## TASK REQUIREMENTS
Copy all the lines below without altering anything.

## DATASET CONTENT
_ _ _ _ _ _ _
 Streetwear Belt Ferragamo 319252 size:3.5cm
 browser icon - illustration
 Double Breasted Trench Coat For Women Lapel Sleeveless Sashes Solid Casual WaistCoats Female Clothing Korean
_ _ _ _ _ _ _
## SOLUTION
 Streetwear Belt Ferragamo 319252 size:3.5cm
 browser icon - illustration
 Double Breasted Trench Coat For Women Lapel Sleeveless Sashes Solid Casual WaistCoats Female Clothing Korean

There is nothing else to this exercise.